The Order of the Companions of O.R. Tambo in Silver

Jerry David Dammers (United Kingdom) Awarded for:

His excellent musical contribution to the international Free Mandela Campaign and his involvement in the influential Artists Against Apartheid.

Profile of Jerry David Dammers (United Kingdom)

Jerry David Dammers is a British musician who is founder, keyboard player and primary songwriter of the revival band “The Specials” and one of the co-founders of Artists Against Apartheid (AAA).

He is famous for writing and performing the song “Free Nelson Mandela,” which was released in 1984 and became a worldwide hit soon after.
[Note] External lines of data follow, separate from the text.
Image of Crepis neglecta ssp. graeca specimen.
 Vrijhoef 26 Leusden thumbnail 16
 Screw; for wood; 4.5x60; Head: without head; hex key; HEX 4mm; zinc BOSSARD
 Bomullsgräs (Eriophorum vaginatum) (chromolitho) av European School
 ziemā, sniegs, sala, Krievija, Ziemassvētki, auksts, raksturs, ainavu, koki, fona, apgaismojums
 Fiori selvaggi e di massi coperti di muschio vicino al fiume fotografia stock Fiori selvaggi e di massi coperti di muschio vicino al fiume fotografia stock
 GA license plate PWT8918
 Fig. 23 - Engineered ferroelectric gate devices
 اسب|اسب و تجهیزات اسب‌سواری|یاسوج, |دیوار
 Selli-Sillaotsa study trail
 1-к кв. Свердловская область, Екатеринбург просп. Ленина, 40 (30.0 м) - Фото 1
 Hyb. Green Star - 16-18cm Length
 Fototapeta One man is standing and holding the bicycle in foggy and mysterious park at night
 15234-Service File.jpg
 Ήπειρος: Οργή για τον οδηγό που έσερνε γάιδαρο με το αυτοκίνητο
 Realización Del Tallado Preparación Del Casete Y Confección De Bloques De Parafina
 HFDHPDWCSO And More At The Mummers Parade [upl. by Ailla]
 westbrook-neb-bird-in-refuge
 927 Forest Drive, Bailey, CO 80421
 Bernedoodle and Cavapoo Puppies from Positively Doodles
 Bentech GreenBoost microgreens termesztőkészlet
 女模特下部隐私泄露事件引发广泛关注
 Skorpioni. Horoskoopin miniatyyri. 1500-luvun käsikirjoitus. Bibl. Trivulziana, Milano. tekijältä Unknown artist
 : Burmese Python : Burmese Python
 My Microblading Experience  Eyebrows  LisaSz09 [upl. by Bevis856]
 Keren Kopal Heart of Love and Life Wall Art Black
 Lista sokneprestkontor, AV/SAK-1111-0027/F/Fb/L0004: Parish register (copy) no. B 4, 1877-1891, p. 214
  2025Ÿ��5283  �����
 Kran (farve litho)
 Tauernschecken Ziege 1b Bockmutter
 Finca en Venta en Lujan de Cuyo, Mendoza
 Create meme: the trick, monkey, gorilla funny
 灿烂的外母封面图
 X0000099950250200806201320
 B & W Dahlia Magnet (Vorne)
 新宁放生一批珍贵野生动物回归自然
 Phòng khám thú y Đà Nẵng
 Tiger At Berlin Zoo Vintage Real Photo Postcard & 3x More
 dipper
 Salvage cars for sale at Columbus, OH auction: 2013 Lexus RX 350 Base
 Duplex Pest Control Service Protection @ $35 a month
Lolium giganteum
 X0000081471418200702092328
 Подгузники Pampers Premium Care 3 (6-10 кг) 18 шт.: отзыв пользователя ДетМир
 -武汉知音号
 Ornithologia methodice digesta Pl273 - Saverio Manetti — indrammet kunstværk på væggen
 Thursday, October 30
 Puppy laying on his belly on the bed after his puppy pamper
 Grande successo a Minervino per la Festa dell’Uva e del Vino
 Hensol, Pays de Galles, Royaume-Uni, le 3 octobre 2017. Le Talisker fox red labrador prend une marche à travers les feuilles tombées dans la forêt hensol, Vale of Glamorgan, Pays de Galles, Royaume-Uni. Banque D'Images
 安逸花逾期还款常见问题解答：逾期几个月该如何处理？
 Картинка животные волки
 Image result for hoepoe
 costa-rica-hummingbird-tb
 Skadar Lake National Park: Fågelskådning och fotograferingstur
At the time Nelson Mandela had been in jail for over 20 years and was an international symbol for the discrimination and deprivation experienced by millions of black people in South Africa.

Dammers’ song brought the Free Mandela Campaign to the attention of an international audience and raised awareness of the plight of thousands of political prisoners in Namibia and South Africa. The record was banned by the then South African Government, but was adopted by members of the African National Congress (ANC) at their rallies and demonstrations. In 1986, Dammers, Dali Tambo (son of ANC leader Oliver Tambo) and Chandra Sekar founded AAA, a cultural organisation that aimed to publicise the anti-apartheid movement, the ANC and Namibia’s liberation party, the South West Africa People’s Organisation (Swapo).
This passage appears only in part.